The film closes with Ayers, Moore, Lopez and Weston watching the Los Angeles Philharmonic Orchestra in concert. Post credits show the patients in Lamp dancing happily with Lopez and Weston.
The Review
The Soloist is a beautiful movie about friendship, music and an exploration of mental illness as well as teh development of talent. It is also in certain scenes hilarious. It is free form the usual downsides of a Hollywood movie. The music selection is superb and the cinematography artistically sensitive. Foxx and Downye Jr. performed wonderfully in their roles. It is rich in both positive and negative emotions as well as good value propositions.
Grace abounds even in unlikely people. Lopez is a sensitive writer, and like any sane persons is unlikely to befriend a schizophrenic bum. But the gift of music in Ayers became a tool of grace to build on and grow their friendship. Even the mentally ill the film proposes may receive so much grace from above. And this grace simply attracted many characters to help Ayers overcome his mental illness through his music. People around Lopez and Ayers also got drawn in love by grace–Lopez gets closer again to his ex-wife; Ayers meets his sister after many long years of separation.
Music can touch souls when people allow it to. The film proposes that music can become a powerful healing instrument for mental illness. In some ways it also brings healing even to the normal people it touched in the story. Music apparently is a powerful vehicle for the grace of healing.
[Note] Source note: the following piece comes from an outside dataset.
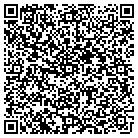 QR code with Mikes Building Construction contacts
Only love can bring people “back to life.” It is Lopez’s love for music, his craft, and Ayers that enabled Ayers to find his way back to life after so many years of getting lost in downtown Los Angeles. Without Lopez’s persistent love that goes beyond the interest of his writing, Ayers may have died in the streets, alone and his gifts lost with him.
The Verdict
The Soloist is rich with love, warmth, gentleness, and heart-rending slice of life, sprinkled along the way with wit that makes the viewer silently smile or laugh. It is a wholesome movie for the family and any Christian viewer.